The reason for going into all this is that Agency, it soon transpires, is set in the same universe as The Peripheral. The novel is divided into 110 very short chapters, and in Chapter 2, on page seven, we are (re)introduced to Netherton, and discover that Verity inhabits a stub that branched off much earlier than Flynne’s, in 2015. At the end of Chapter 3, we get this: ‘The president hadn’t looked terrified, Verity thought … She’d looked like she was on the case.’ The US presidential election isn’t the only vote that went the other way in the stub’s version of 2016: the UK also voted to remain in the EU.

Gibson, who lives in Vancouver, was in London on 31 January. ‘Dreamt of a squealing, woad-smeared Nigel Farage,’ he tweeted, ‘weakly prancing naked at Stonehenge, then woke to see I’d slept, soul-delayed, through the start of Brexit Hour.’ ‘Soul delay’ is jet lag: Cayce, recently arrived in London at the beginning of Pattern Recognition, imagines that ‘her mortal soul is leagues behind her, being reeled in on some ghostly umbilical down the vanished wake of the plane that brought her here … Souls can’t move that quickly, and are left behind, and must be awaited, upon arrival, like lost luggage.’ Whether or not you like Gibson’s novels will depend less on your enthusiasm for stories about time travel and artificial intelligence than on whether or not you like sentences like this. I do, a lot.

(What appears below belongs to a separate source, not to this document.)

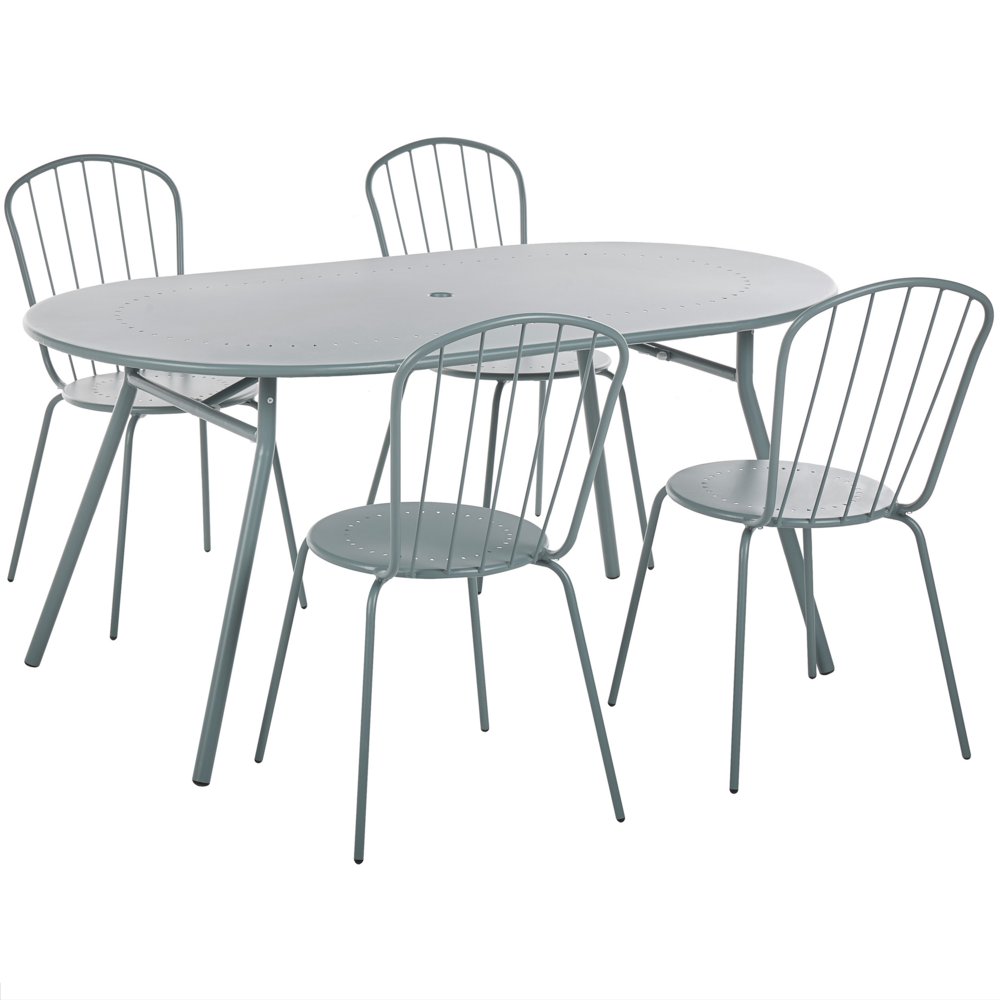 Zestaw Ogrodowy Metalowy Stół I 4 Krzesła Jasnoniebieski Calvi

Is Verity’s stub, then, a site of liberal wish-fulfilment, with Hillary Clinton in the White House and Brexit dodged? Perhaps, but it’s a disappointed fantasy if so. ‘They aren’t necessarily that much happier than people were here,’ a character in the Future says, ‘with the opposite outcome.’ (Or, as a character from Flynne’s stub puts it, ‘there’s lots of people happier with a dumbfuck in the White House.’) More urgently, an incident at Qamishli, on the Syria-Turkey border, is threatening to escalate into nuclear war. And given Clinton’s record – above all, the catastrophic intervention in Libya in 2011, when she was secretary of state, though the novel doesn’t remind us of that – there’s little reason to hope things will turn out all right. Which is where Eunice comes in. Netherton works, unofficially, for Detective Inspector Ainsley Lowbeer of the Metropolitan Police, whose ‘hobby’ is interfering in stubs in the hope of averting disaster, or at least improving outcomes. And Eunice, though operating autonomously, is part of Lowbeer’s plan to prevent nuclear apocalypse.

Lowbeer’s motives are, like much else about her, opaque. Her official rank of detective inspector doesn’t begin to reflect how much power she actually has. (She is also well over a hundred years old and used to be a man.) Verity asks her why she’s helping them, why she cares. ‘You and everyone else in your world are as real as we are,’ Lowbeer replies, which isn’t much of an answer when it comes down to it: she surely says it to reassure herself as much as Verity. ‘I’ve never gotten over my own initial impression,’ Netherton says, ‘that the stubs were a game.’ Lowbeer acknowledges the ‘undeniably imperial aspect of what we’re doing’, but doesn’t see that as a reason to stop.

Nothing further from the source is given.